» **WHAT YOU WILL DO**:
Please set down every line of the records below exactly, without the pictures.

[Collected data entries]
++++++++++++++++++++

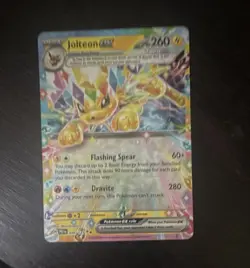 MINTY Jolteon ex 030/131 Prismatic Evolutions Double Holo EN - Image 1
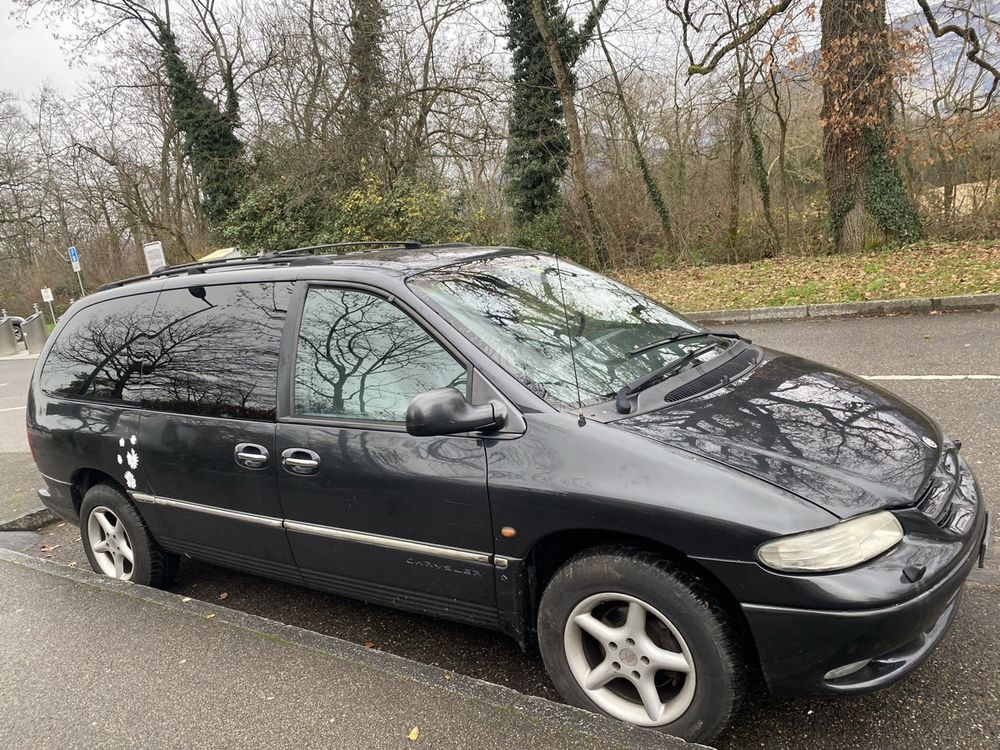 Chrysler grand voyager, 7 places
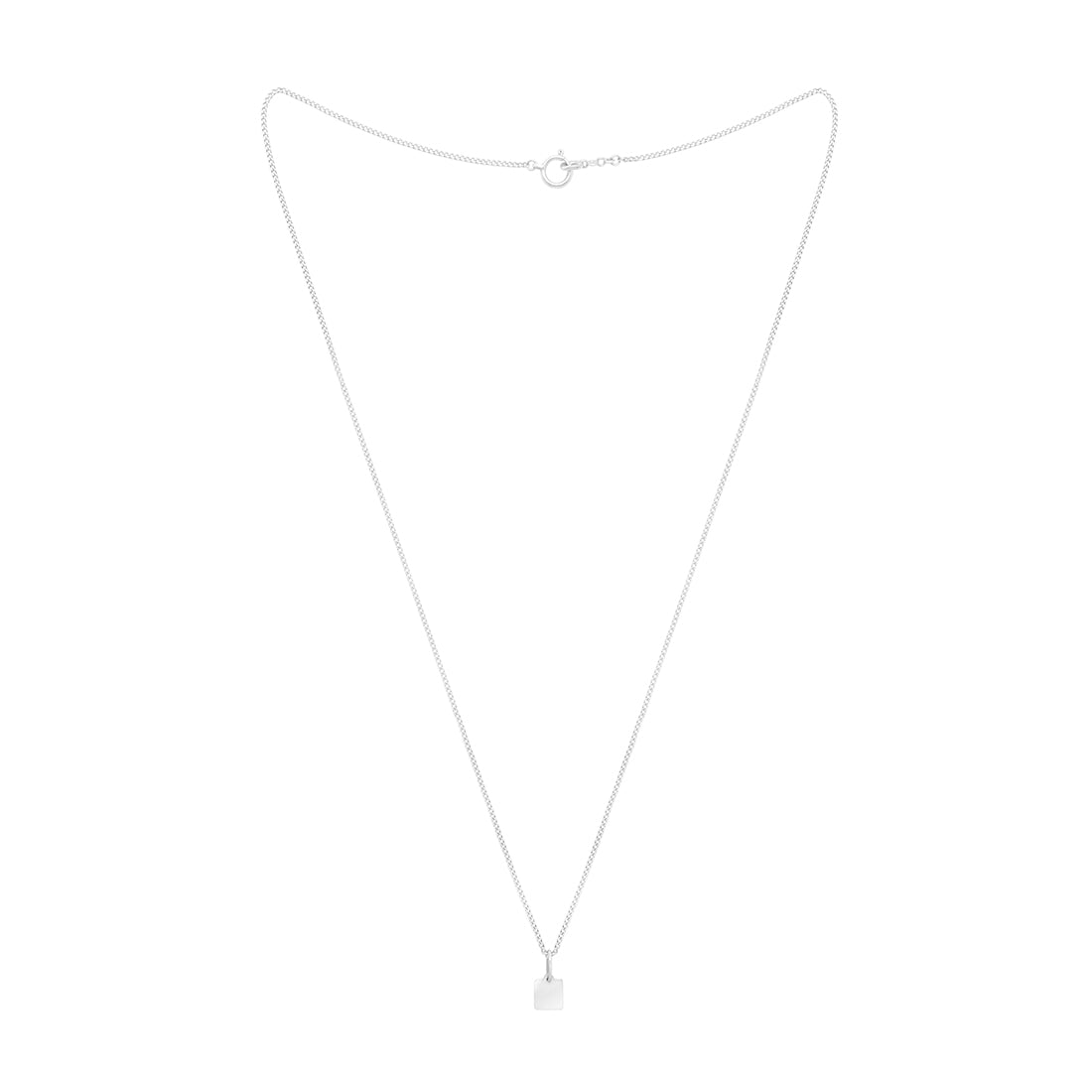 10K Necklace ネックレス ホワイトゴールド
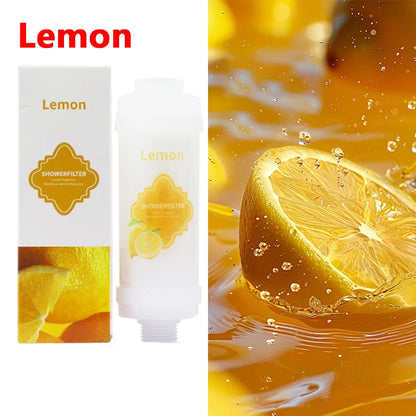 Filter For Shower Scented Shower Head Water Softener Improve Hair Skin Removal Shower Purifier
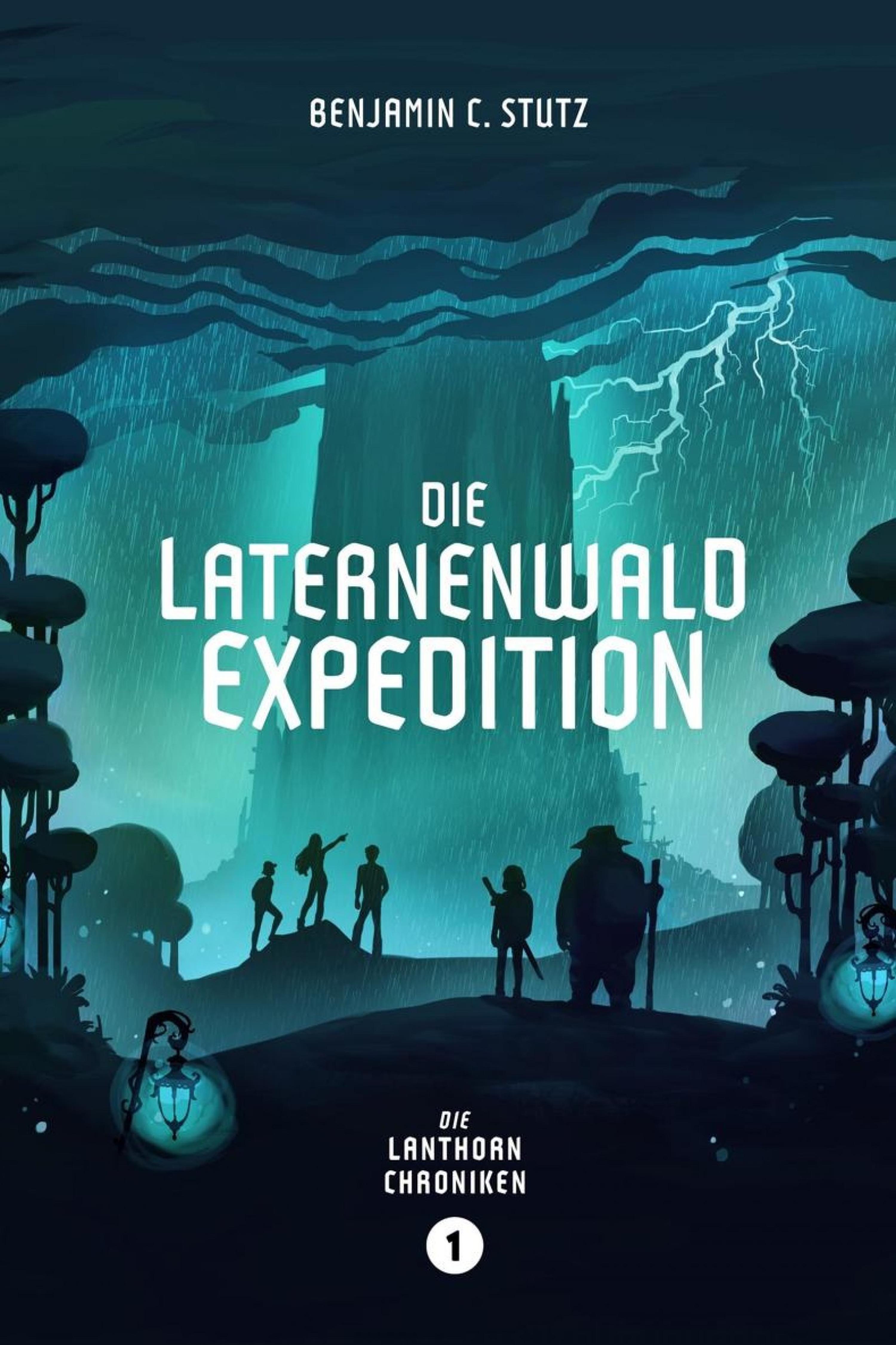 Обложка книги «Die Laternenwald-Expedition»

++++++++++++++++++++

» **EXERCISE SOLUTION**:
 MINTY Jolteon ex 030/131 Prismatic Evolutions Double Holo EN - Image 1
 Chrysler grand voyager, 7 places
 10K Necklace ネックレス ホワイトゴールド
 Filter For Shower Scented Shower Head Water Softener Improve Hair Skin Removal Shower Purifier
 Обложка книги «Die Laternenwald-Expedition»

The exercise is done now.